### Supplied information
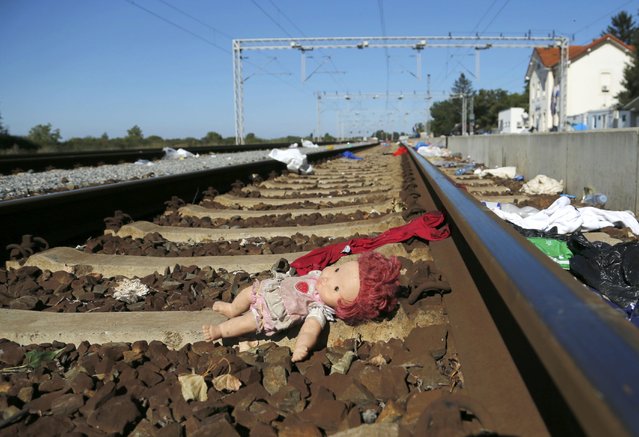 An abandoned doll lies on a rail track strewn with rubbish at the train station in Tovarnik, Croatia September 21, 2015. Croatia will demand that Greece stop moving migrants from the Middle East on to the rest of Europe, Interior Minister Ranko Ostojic said on Monday. (Photo by Antonio Bronic/Reuters)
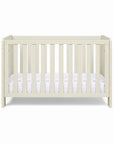 The Alba mini cot bed in cashmere with a mattress on a white background.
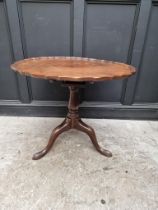 A George III mahogany tilt-top pie crust tripod table, with one-piece top and birdcage action, 85.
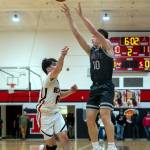 PHOTO BY FOREST WORGUM Montesanos Terek Gunter (10) shoots a 3-pointer during the Bulldogs 43-28 loss to Tenino on Monday at Tenino High School.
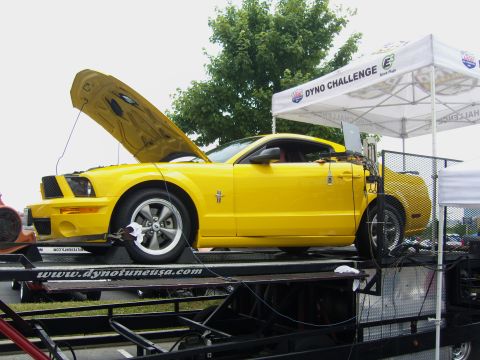 2007 Ford Mustang - A yellow 2007 Ford Mustang is positioned on a dynamometer for a dyno challenge event.
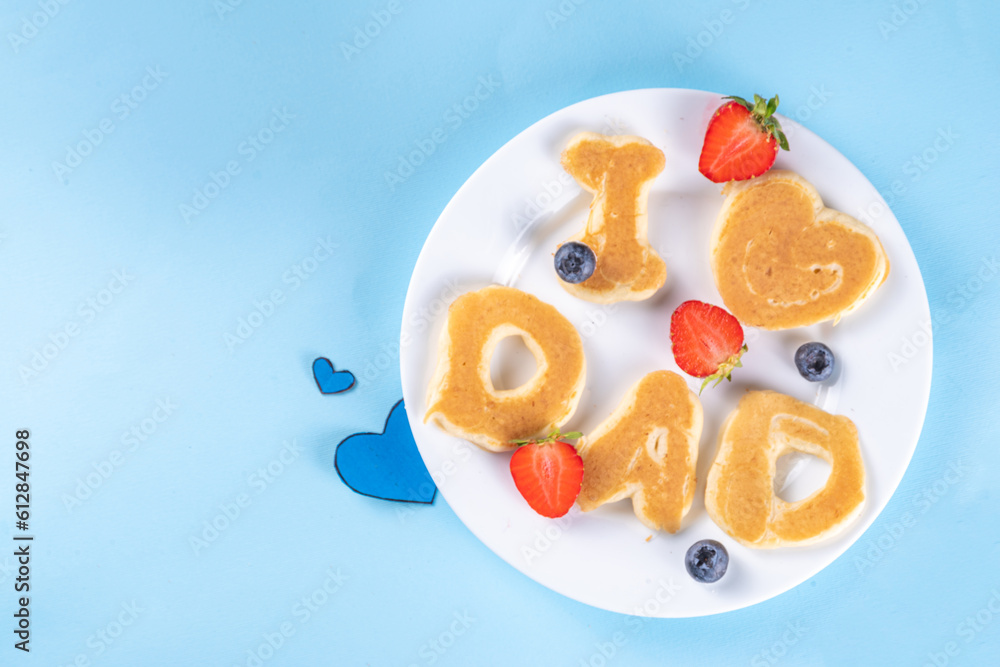 Father's day holiday idea for a cute surprise gift. Child preparing breakfast for dad, creatively decorated pancakes with the inscription I love Dad. Top view copy space, blue background Father's day holiday idea for a cute surprise gift. Child preparing breakfast for dad, creatively decorated pancakes with the inscription I love Dad. Top view copy space, blue background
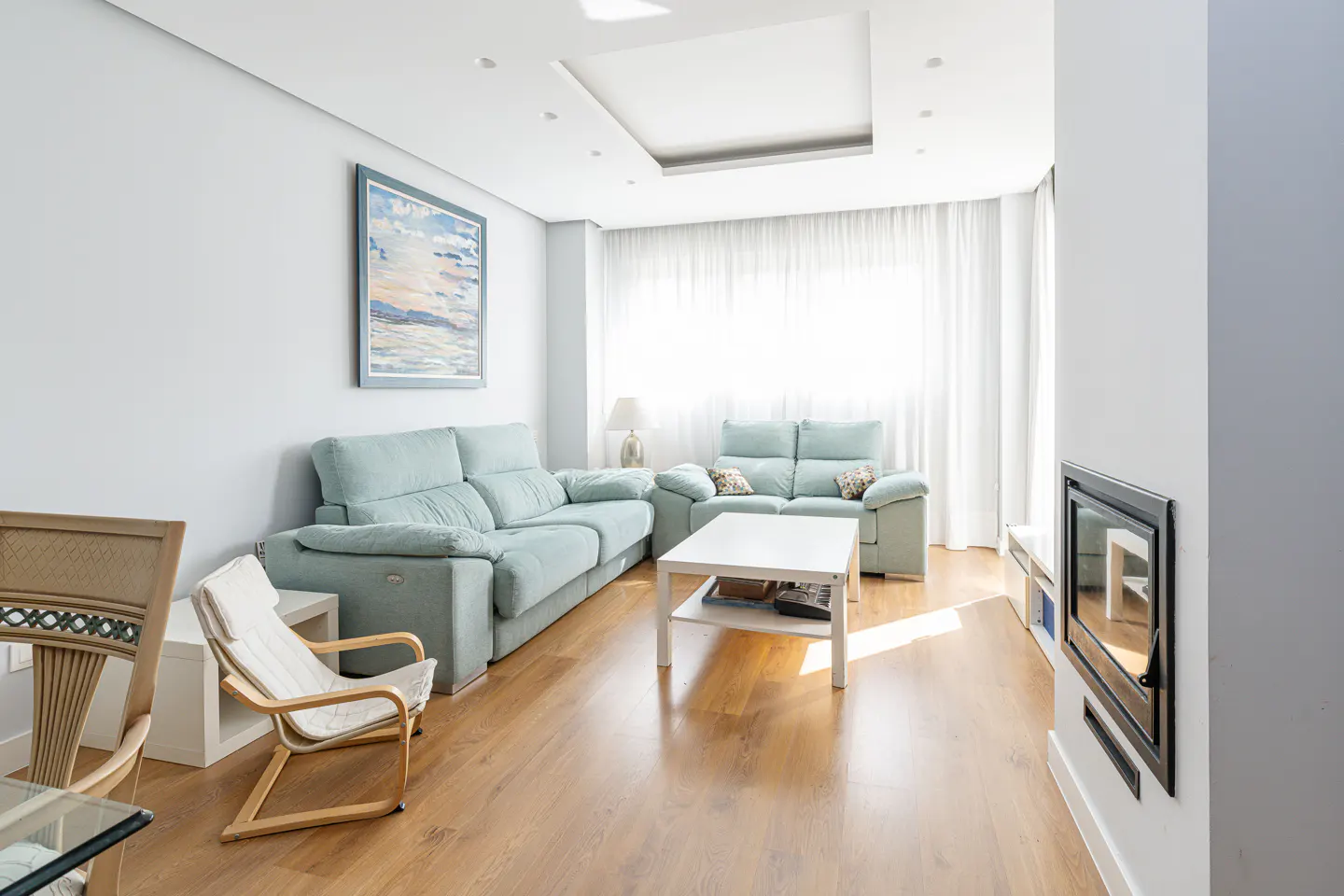 Bright living room with light blue sofas, white walls, and wood floors. A white coffee table sits in front of the sofas. A fireplace is on the right wall.
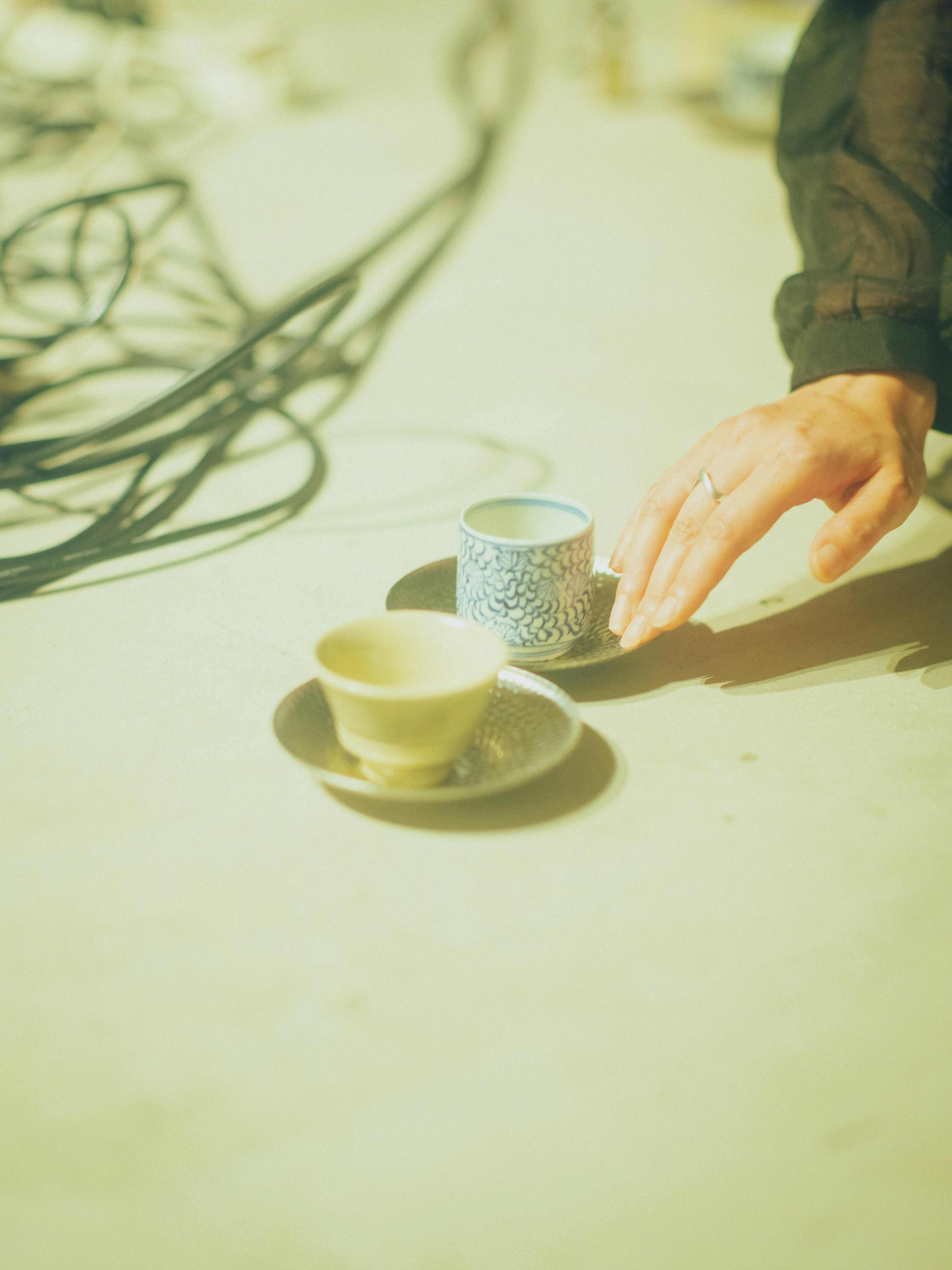 Una mano che si avvicina a una tazza blu a motivi su un piattino accanto a una tazza chiara su una superficie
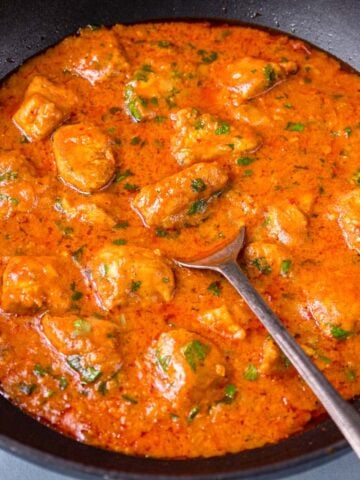 Creamy coconut chicken curry simmering in a black pan with a spoon, finished with chopped cilantro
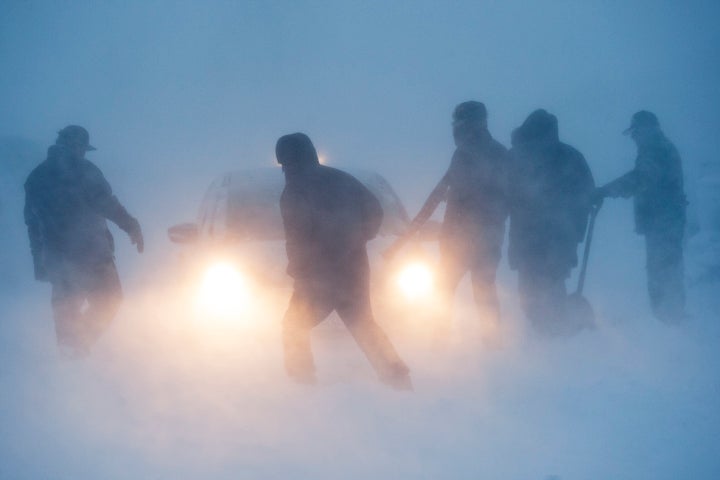 Several people attempt to free a vehicle from the snow in the Prairie Knights Casino and Resort parking lot during a blizzard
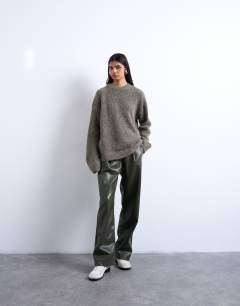 Model wearing Knitted boxy fluffy crew jumper in brown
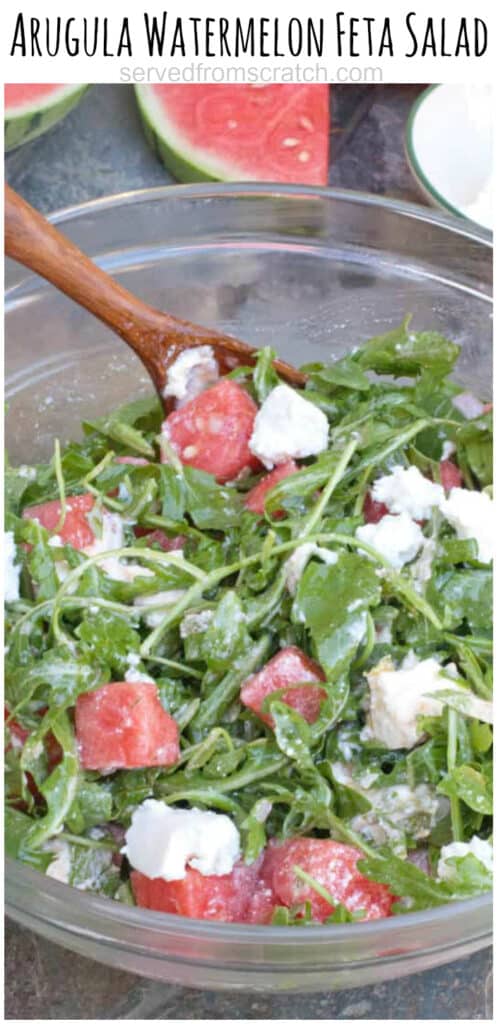 arugula watermelon feta salad in a large bowl with a wooden spoon with Pinterest pin text.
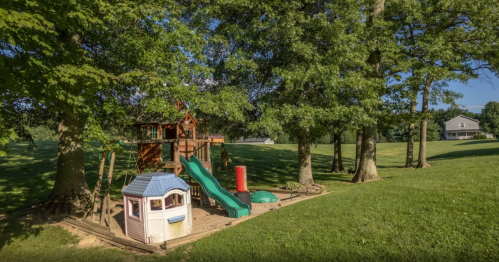 A colorful playground with a slide, playhouse, and climbing structure, surrounded by trees and green grass.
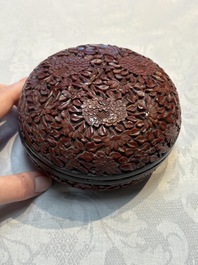 Two Chinese cinnabar lacquer covered boxes and a bottle vase, 19th C.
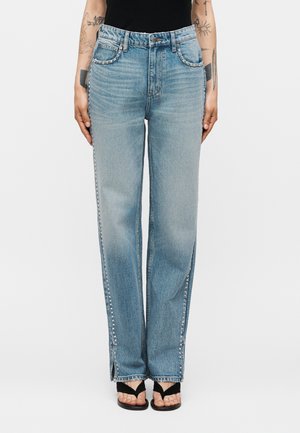 Γυναίκα φορεί ψηλόμεσα ανοιχτό μπλε τζιν με ασημένιες τρουκ κατά μήκος των τσεπών και των πλαϊνών ραφών, συνδυασμένο με μαύρα σανδάλια ανοιχτού δαχτύλου.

### Exercise objective
Return all records verbatim and drop the pictures.

### Written answer
 An abandoned doll lies on a rail track strewn with rubbish at the train station in Tovarnik, Croatia September 21, 2015. Croatia will demand that Greece stop moving migrants from the Middle East on to the rest of Europe, Interior Minister Ranko Ostojic said on Monday. (Photo by Antonio Bronic/Reuters)
 The Alba mini cot bed in cashmere with a mattress on a white background.
 A George III mahogany tilt-top pie crust tripod table, with one-piece top and birdcage action, 85.
 PHOTO BY FOREST WORGUM Montesanos Terek Gunter (10) shoots a 3-pointer during the Bulldogs 43-28 loss to Tenino on Monday at Tenino High School.
 2007 Ford Mustang - A yellow 2007 Ford Mustang is positioned on a dynamometer for a dyno challenge event.
 Father's day holiday idea for a cute surprise gift. Child preparing breakfast for dad, creatively decorated pancakes with the inscription I love Dad. Top view copy space, blue background Father's day holiday idea for a cute surprise gift. Child preparing breakfast for dad, creatively decorated pancakes with the inscription I love Dad. Top view copy space, blue background
 Bright living room with light blue sofas, white walls, and wood floors. A white coffee table sits in front of the sofas. A fireplace is on the right wall.
 Una mano che si avvicina a una tazza blu a motivi su un piattino accanto a una tazza chiara su una superficie
 Creamy coconut chicken curry simmering in a black pan with a spoon, finished with chopped cilantro
 Several people attempt to free a vehicle from the snow in the Prairie Knights Casino and Resort parking lot during a blizzard
 Model wearing Knitted boxy fluffy crew jumper in brown
 arugula watermelon feta salad in a large bowl with a wooden spoon with Pinterest pin text.
 A colorful playground with a slide, playhouse, and climbing structure, surrounded by trees and green grass.
 Two Chinese cinnabar lacquer covered boxes and a bottle vase, 19th C.
 Γυναίκα φορεί ψηλόμεσα ανοιχτό μπλε τζιν με ασημένιες τρουκ κατά μήκος των τσεπών και των πλαϊνών ραφών, συνδυασμένο με μαύρα σανδάλια ανοιχτού δαχτύλου.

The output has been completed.